Raw data:

┏━━

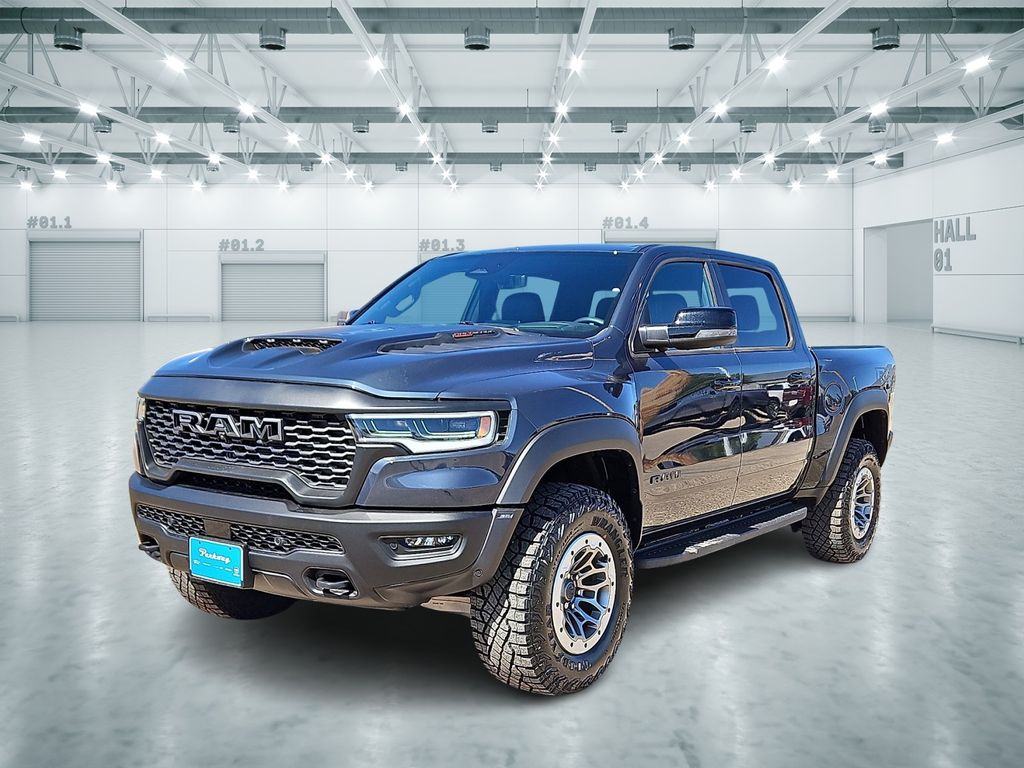 2026 RAM 1500 RHO 4x4 Crew Cab 5'7's photo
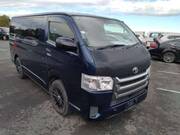 2015 TOYOTA HIACE VAN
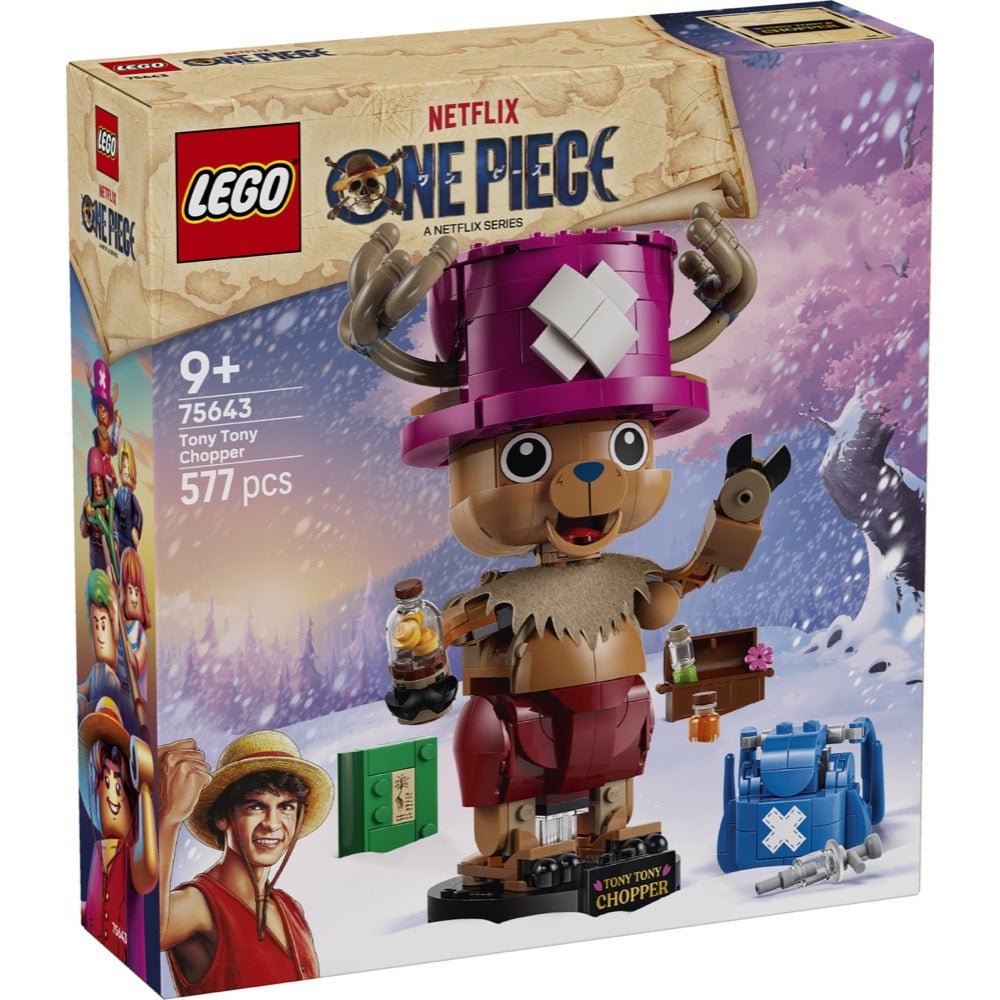 Lego Tony Tony Chopper
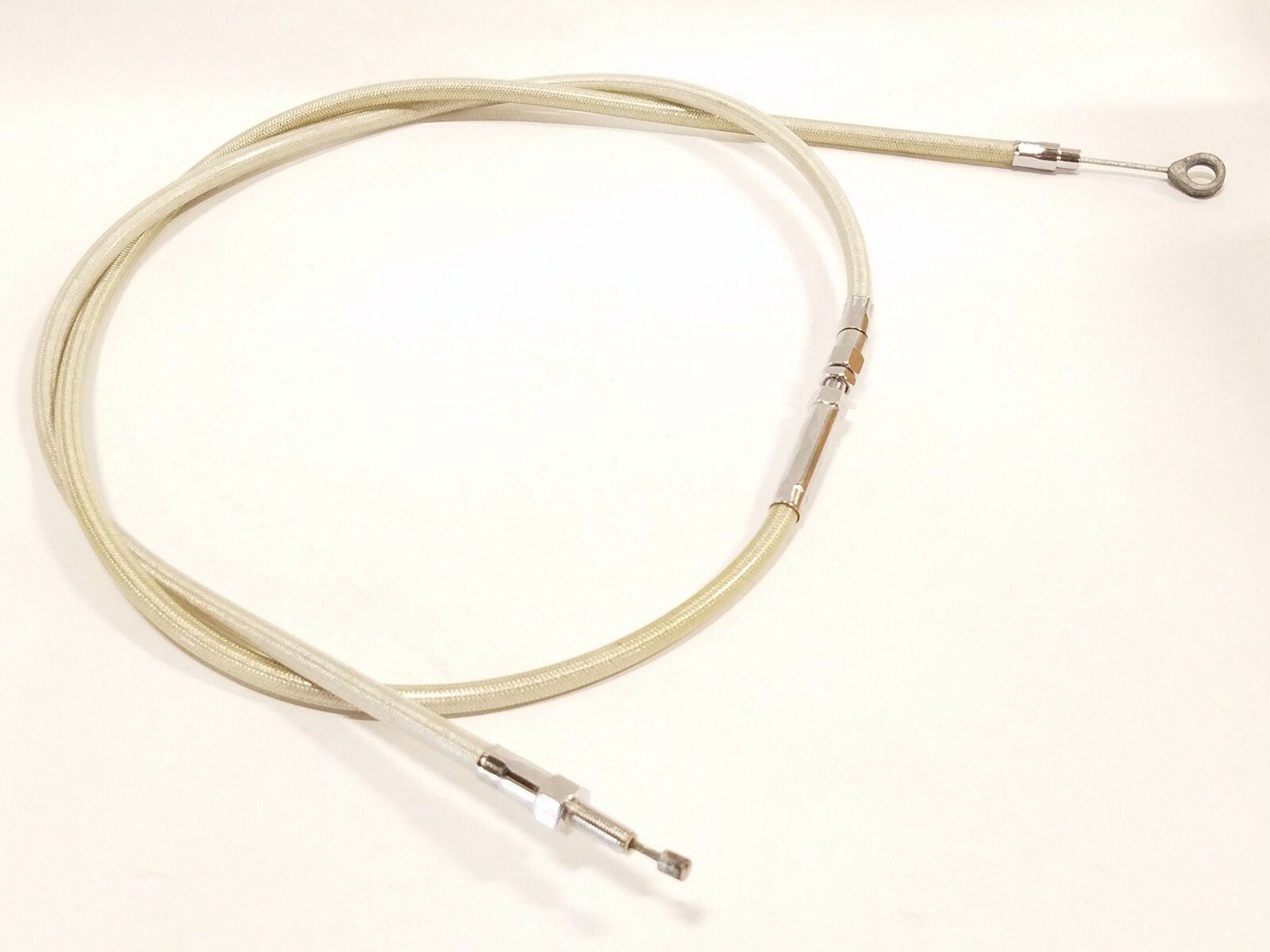 Big Dog Motorcycles Clutch Cable - 2005-11 - Pitbull Mastiff Coyote Bulldog Mutt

┗━━

Problem statement:
Retype all the data exactly; skip the pictures.

Your response:
 2026 RAM 1500 RHO 4x4 Crew Cab 5'7's photo
 2015 TOYOTA HIACE VAN
 Lego Tony Tony Chopper
 Big Dog Motorcycles Clutch Cable - 2005-11 - Pitbull Mastiff Coyote Bulldog Mutt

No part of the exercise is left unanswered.